FROM SADDAM TO SADR, WHAT’S NEXT FOR IRAQ?
June 25, 2022 | Expert Insights
Iraq has been mired in political turmoil since October 2021. On account of the 2019 protests that broke out in Baghdad square against governmental corruption, political sectarianism and inefficient public services, the parliamentary elections due in 2022 were moved up to that year. The October elections saw the Sadrist Movement win 73 of the Council of Representatives’ 329 seats. The party has been unable to form a government since. In a sharp turn of events on Sunday, the 73 Sadrist lawmakers resigned upon the order of their leader. With a deepening political crisis, will fresh elections be held or violence and instability continue to ensue in Iraq?
How Iran institutionalised its presence in Iraqi politics
Since the Islamic Revolution in 1979, Iran has paved its way into Iraq. Ayatollah Khomeine recruited exiled Shiites who took refuge in Iran and sent them to fight in the Iran-Iraq War in 1980. Since the execution of Saddam Hussein, Iran filled in the power vacuum in Iraq through its paramilitary organs and drew on the surge of Shiite nationalism, which strongly appealed to and helped forge alliances with their then ostracised Shia brethren in Iraq. Iran has also managed to permeate Iraq’s government with political parties that have strong ties to Tehran.
Muqtada Al-Sadr is one of the most prominent political figures in Iraq, with his influence deeply entrenched in the country’s political structure. Sadrist have and do hold positions in important public offices. His bloc’s resignation shouldn’t be interpreted as his exit from politics. He amassed a large followership especially among the Shia underclass and capitalises on the legacy of his father the Grand Ayatollah Sadiq al-Sadr. Known for his surprise and unpredictable manoeuvres, Sadr leveraged the 2019 protests and sought to “officially” join the elections to fight against institutionalised corruption and be a voice for the Shia minority.

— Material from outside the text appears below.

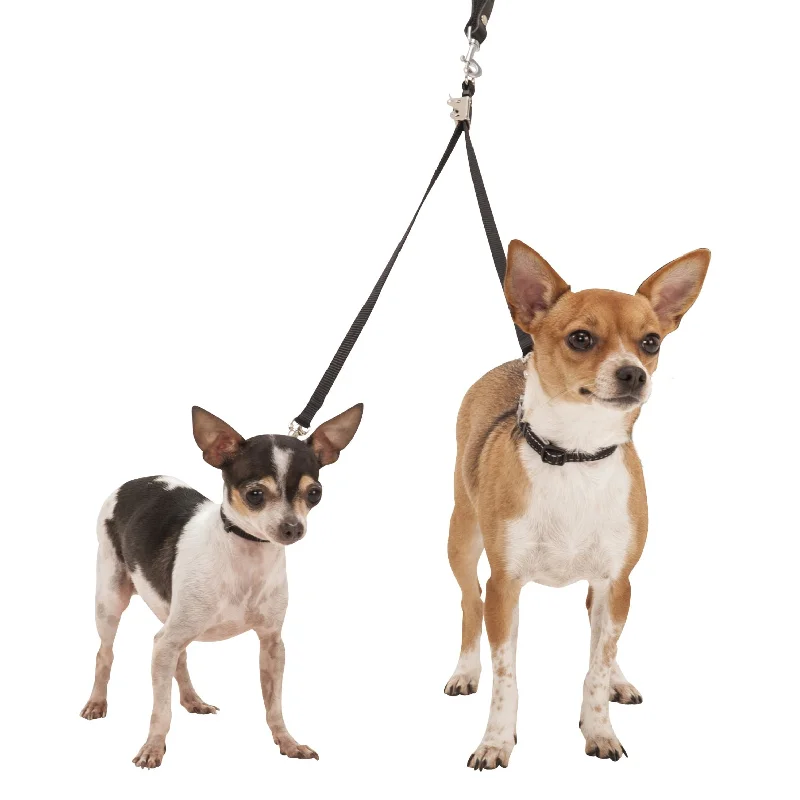 Double Dog Leash & Coupler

However, his unsuccessful attempt to form a majority government sans pro-Tehran paramilitaries and shiite influence, was unprecedented in a national confessionalism style of government. The Speaker of the Council of Representatives announced the legislature would proceed with measures according to election law and parliamentary protocols to select a replacement, after the Sadr bloc’s en masse resignation and accused them of scapegoating due to their failure to form a coalition. This means filling the vacated seats, which will be inevitably occupied by Iran backed political parties with caretaker PM and president continuing to hold their positions.
Ironically, this appears to be exactly the outcome the wily leader of the Sadr bloc hoped for. This was exactly the type of parliament that sparked the 2019 protests. The 2018 parliament led by PM Abdul-Mahdi, of the Islamic Supreme Council of Iraq (SIIC) established in Iran in 1982, and an Irani-Shiite run parliament was tainted with the image of political corruption. As indicated in his latest tweet, the clerical leader intends to make political hay of the absence of Sadrists in the current government. Coupled by the rise of Iraqi nationalism and resentment for Tehran’s influence in Iraq, he can delegitimize the present shiite representation due to their ties to Iran.
Sadr’s resignation and cry against participation in corrupt politics should not be given as much weight. It was the exact same claim he made in 2019 after which Sadr announced his party would be contesting in the elections. Sadr’s staunch anti-American and anti-Iranian views, support for an Iraqi shiite representation and his latest move on the political theatre will make him appear to be a champion of democracy and the Iraqi people.
However, some people might view Sadr’s latest resignation manoeuver as a way of retaining influence without bearing responsibilities of dealing with the twin challenge of prolonged economic troubles and an unforgiving summer ahead- with a dwindling water supply and heat induced droughts.
- Deepening economic woes will continue to take a backseat in Iraqi politics. The Opposition is aware that it is short of impossible to form a government without Sadrists, in spite of its legitimacy and will tread carefully to retain its now limited influence.
- Tehran’s long held influence in Baghdad is being tested and slowly chipped away at by Sadr
- The lack of foreign intervention to resolve the deadlock in parliament as well as a free and fair election appear to be tell-tale signs of a burgeoning democracy in Iraq. However, with the country’s history of political instability, the power vacuum caused by the absence of a functioning government could be used as an opportunity by Tehran to indirectly fortify its influence in Iraq or by extremist elements to restore the power they once held in the Al-Anbar province.
- Fresh elections could be conducted since there’s a strong probability the public will oppose a Iran aligned Shiite running parliament (as seen in 2019 protests) and Sadr could also apply political pressure to ensure the same.